In its four-page report, the Bighorn River Alliance charges that BuRec has, since 2008:
♦ Wasted $60 million worth of taxpayer revenue by allowing water to flow over the dam’s spillway during high-water releases, rather than flowing through turbines that generate electricity.
♦ Caused erosion that in some areas has increased more than 450 percent.
♦ Cost farmers and ranchers along the river at least $7 million in lost income.
♦ Caused a decline in activity of up to 40 percent for some fly shop owners in Fort Smith because of unpredictable river conditions.
Attempts to speak with a BuRec spokesperson about the charges were unsuccessful Thursday afternoon.
The report, citing research by the Montana Department of Fish, Wildlife and Parks, said that in 2015 alone, the Bighorn River contributed an estimated $102 million — 98 percent of which was generated by nonresident anglers — to Montana’s economy.The report also says that “wild fluctuations in river flows have wreaked havoc” on farm and ranch land along the Bighorn River from the dam to the confluence of the Bighorn with the Yellowstone River near Hysham.

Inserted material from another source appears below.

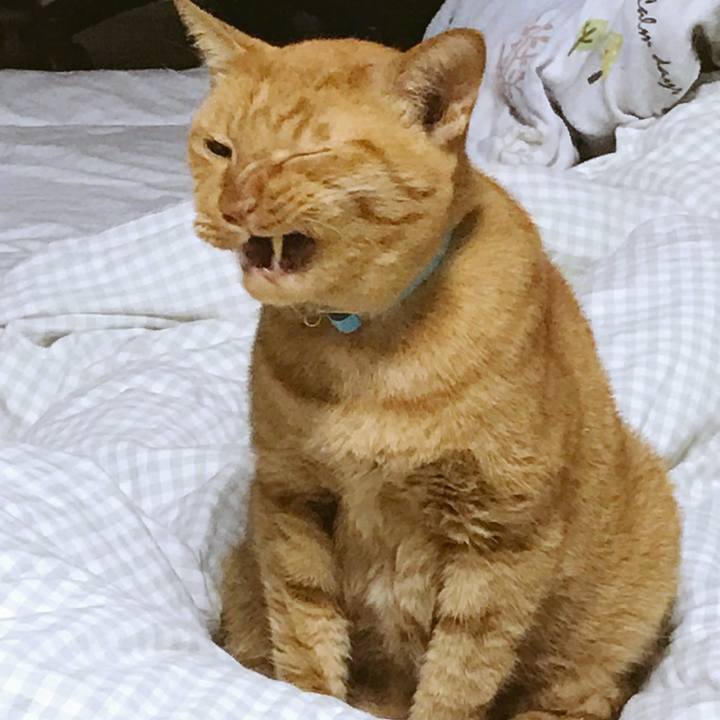 269d9fa7 6619 4176 a84e a728cfa5a62c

After examining aerial photography and data from BuRec’s Hydromet system, the report says, it appears that the rate of riverbank erosion on the Bighorn has increased 300 percent in comparison with the years before 2008, and in some places by as much as 450 percent.
As a result of the new operating practices, the report continues, the Bighorn has seen more days of water flow exceeding 8,000 cubic feet of per second since 2008 than in all the previous 40 years combined.
Also, the report says, there has been devastating flooding on the river in eight of the past 10 years, and last year was the worst since the dam went online in 1967.
Anne Marie Emery, executive director of the alliance, said the report was issued in hopes of putting pressure on BuRec to change its policies. She said it makes no sense to hurt a flourishing river economy to benefit a relatively small boat access whose future, because of increasing sedimentation, is questionable anyway.
The alliance was formed in 1995 and has 1,500 members and followers, including landowners, anglers, farmers and ranchers, Emery said.
Doug Haacke, a Billings resident who has been a member of the alliance since 2006, said the problem is that BuRec, in its desire to keep lake levels high, manages the reservoir extremely conservatively, keeping the lake full over the winter in case there isn’t enough spring precipitation and snowmelt.
“Come springtime, if you’ve got a full lake and a lot of snowpack, there isn’t enough storage to contain it,” he said. “They have to dump it, and that sometimes gives us huge, high releases.”
Given the dam’s role in regulating water flows, Haacke said, the new policy “sort of defeats the purpose of the dam being there in the first place.”
“That’s all we’re asking, is just a balanced approach to water management,” he said.